Bu menfi şartlar yetmiyormuş gibi bir de birtakım insafsız müslümanlar çıkar, gıybet ve dedikodu eder, aleyhte propaganda yapar, fiyat çok diye itiraz eder, küçük bir kusur görse kıyasıya, öldüresiye tenkit eder, hediye verilmezse abonesini yenilemez, dergiyi bedavaya getirmezse almaz, okumaz, okutmaz.

Şimdi haklı olarak onlara soruyoruz:

Bizim şu bir şişe zehir zıkkım içki, bir paket sıhhate muzur sigara, banyodaki bir kalıp donmuş yağlı lüks (!) sabun, bir avuç şampuan, bir küçük kutu krem kadar kadrimiz, kıymetimiz yok mu?

Elbette var, fakat Avrupalı, kendisinin imal ettiği her şeyin fiyatını itiraz etmememizi sağlamıştır. Bizler ise en kıymetli varlıklarımızı ayaklar altına düşürmüşüzdür. Fındıktan boraksa, volframa, petrole, muzdan buğdaya, zeytin yağına, sultaniye üzüme kadar bu böyledir.

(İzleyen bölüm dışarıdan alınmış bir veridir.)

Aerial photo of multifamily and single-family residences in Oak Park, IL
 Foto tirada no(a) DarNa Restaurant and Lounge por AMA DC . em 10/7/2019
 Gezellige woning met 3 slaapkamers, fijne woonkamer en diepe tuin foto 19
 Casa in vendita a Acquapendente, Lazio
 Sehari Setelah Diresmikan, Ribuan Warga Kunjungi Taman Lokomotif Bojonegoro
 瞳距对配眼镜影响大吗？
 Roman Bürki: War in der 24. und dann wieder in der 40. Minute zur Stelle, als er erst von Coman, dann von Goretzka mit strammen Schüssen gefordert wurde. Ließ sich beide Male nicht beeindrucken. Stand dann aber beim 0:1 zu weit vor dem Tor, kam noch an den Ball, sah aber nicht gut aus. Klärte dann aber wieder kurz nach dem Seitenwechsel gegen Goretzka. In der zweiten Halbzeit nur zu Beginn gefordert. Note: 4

İnşallah gözümüzü açar da, aldatılmaktan süratle kurtuluruz, birbirimizle sımsıkı kenetlenerek...

Manisa'da bir kardeşimiz, değerli yazarımız Raşid Hoca'ya ne demiş biliyor musunuz?

"Ne güzel bir dergi çıkarıyordunuz, ne diye kapattınız yani?.."

Ne kapatması aziz kardeşim; elhamdülillah kapanmadık, binbir dertle, dostla, düşmanla, dağıtımla, enflasyonla didişe didişe hizmeti devam ettireceğiz, inşallah, ham da çoğalarak, büyüyerek ilerliyeceğiz basın cehpesinde ve bunca Allah'ın izniyle bayrağı dikeceğiz.

Dileriz ki Allah sizi affetsin, mes'ul tutmasın: Öz kardeşleriniz, beğendiğiniz bir dergiyi kapattı sandınız da niye arayıp sormadınız; niye işin aslını sebebini, kardeşlerimizin derdini araştırmadınız, yardımlarına koşmadınız.. diye!

Hani Hz. Peygamber efendimiz -sallallahu aleyhi ve alihi ve sellem;

"Müslümanların dertleriyle ilgilenmeyen bizden değildir dememiş mişdi?!!